7 ways to spend less on groceries

Food prices at the grocery store are projected to rise 4 to 5 percent this year, according to the USDA. Some of the factors causing this increase are higher energy prices and growing global demand for food. This comes at a time when many Americans are struggling with stagnant wages (for those lucky enough to have a job) and high unemployment. With a little planning though, you can avoid paying more at the grocery store.

1. Plan ahead. Check newspaper fliers before your trip and create a weekly meal plan based on sale items. Use your meal plan to make your shopping list. If you don’t subscribe to the paper, try Sundaysaver.com, which lists weekly sales circulars from most major grocery chains.

2. Don’t go when you’re hungry. You’ll find yourself putting more than you intended into your cart.

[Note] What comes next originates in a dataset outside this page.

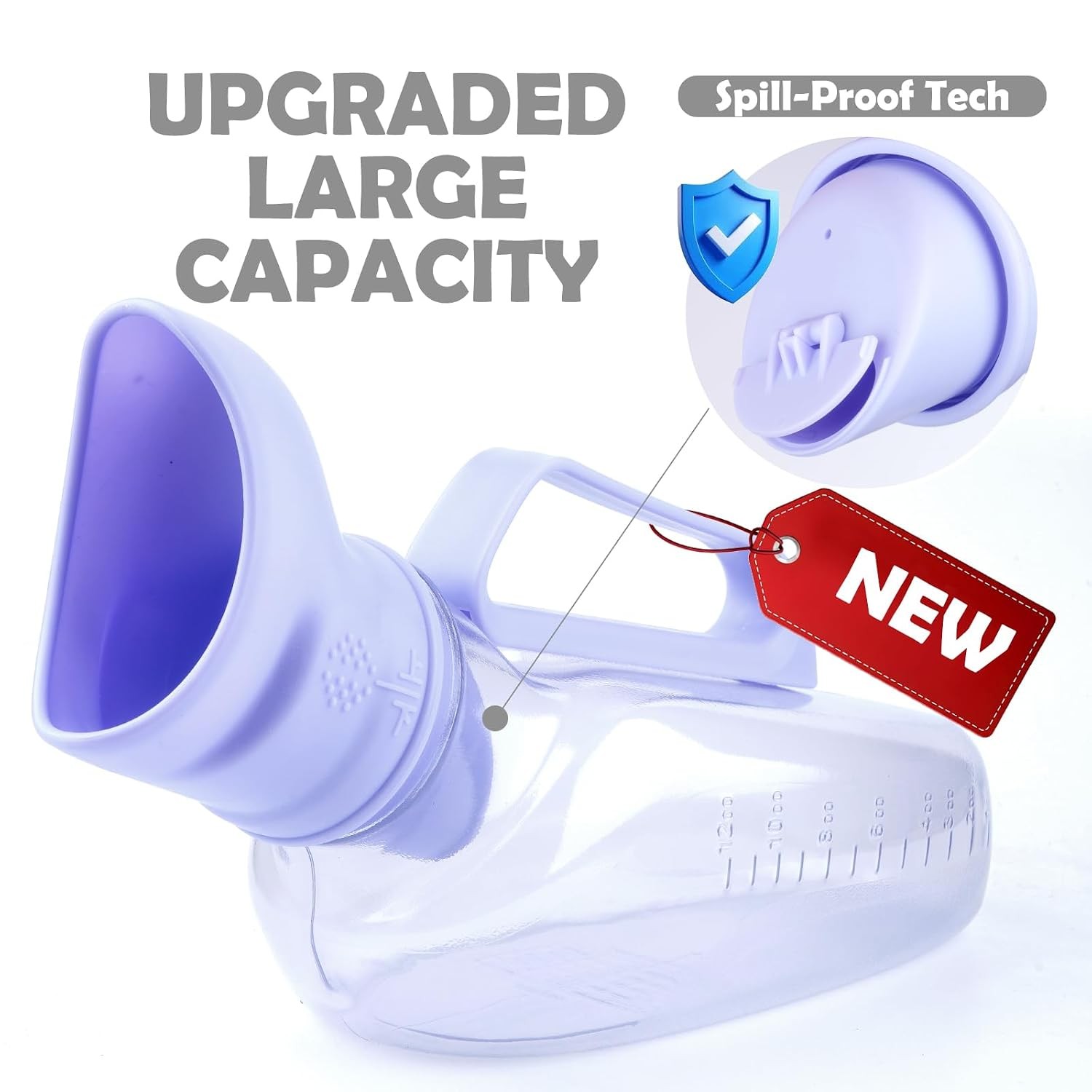 Large Capacity Leakproof Female Urinal Bottle 40oz 1200ml Portable Knitted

3. Shop at hard discounters. Aldi, Save-a-Lot and others fall into this category. You can save 40% off your typical grocery bill by shopping at a hard discounter. These stores may not appeal to some though, because they tend to have a limited selection, carry mostly store brands, don’t accept credit cards (in most cases), and you have to bring your own bags. We don’t have an Aldi near where we live, so I get a little giddy when we are out of town and find one. My wife finds humor in my excitement, but I get the last laugh after all the savings!

4. Stick to your list. You have a list for a reason. You’re on a mission — don’t allow yourself to deviate from what’s on your list.

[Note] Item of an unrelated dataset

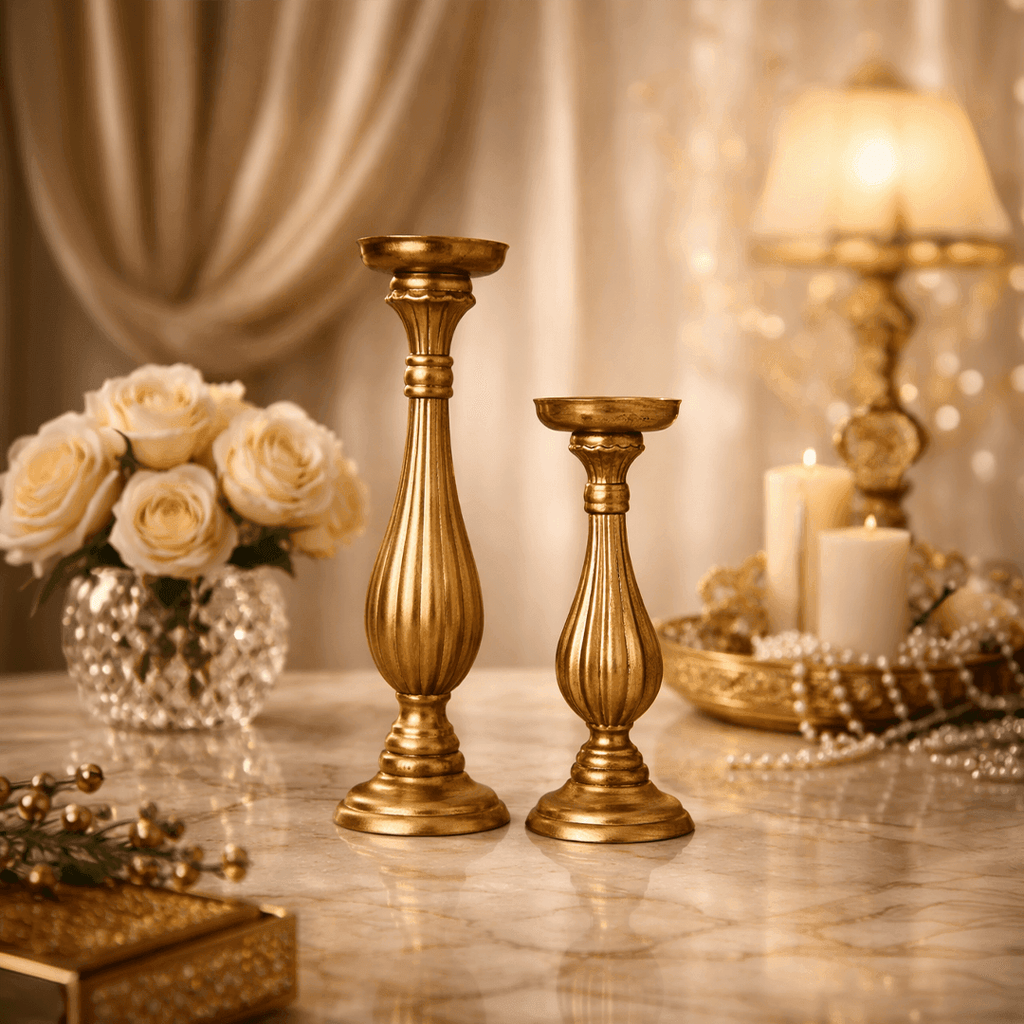 Sculptures & Figurines Golden Candle Holder - L - Daamaira Home and Living Ltd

5. Use coupons. Sunday papers are the best source, but there are some great coupon sites out there as well. I like Coupons.com and Hip2Save.com. The latter alerts you to not only grocery coupons, but deals at other retailers and free samples as well. When combined with your frequent shopper card, using coupons will yield considerable savings.

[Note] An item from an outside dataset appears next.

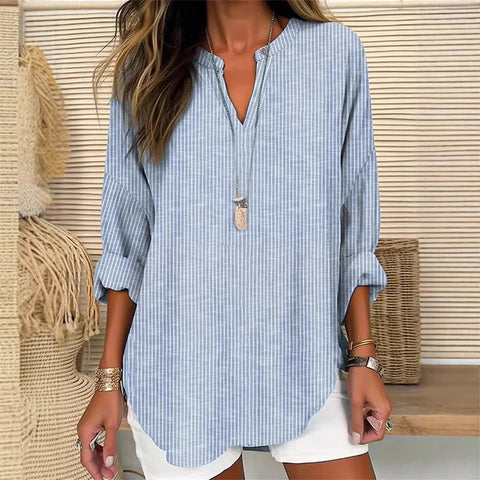 Kleine V-ausschnitt button-down schulter langarm frauen T gebogene saum kleidung m301361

6. Give store brands a try. If you find that you prefer the name-brand, fine. But most store brands taste just as good and are of similar quality.

7. Pay attention to unit price. Generally you’ll get a per-unit discount when buying in bulk. This is the magic of the warehouse clubs. But this isn’t always the case. By comparing the unit price of different items you’ll know if you are getting a deal. Most stores list unit prices on the shelves, which makes your job easy. A word of caution though: don’t buy a larger product just because the unit price is lower. Buy only what you will use up before the expiration date, because throwing away expired food defeats the purpose.

Budgets are tight right now. By having a plan in place you can make the price increases irrelevant in your life.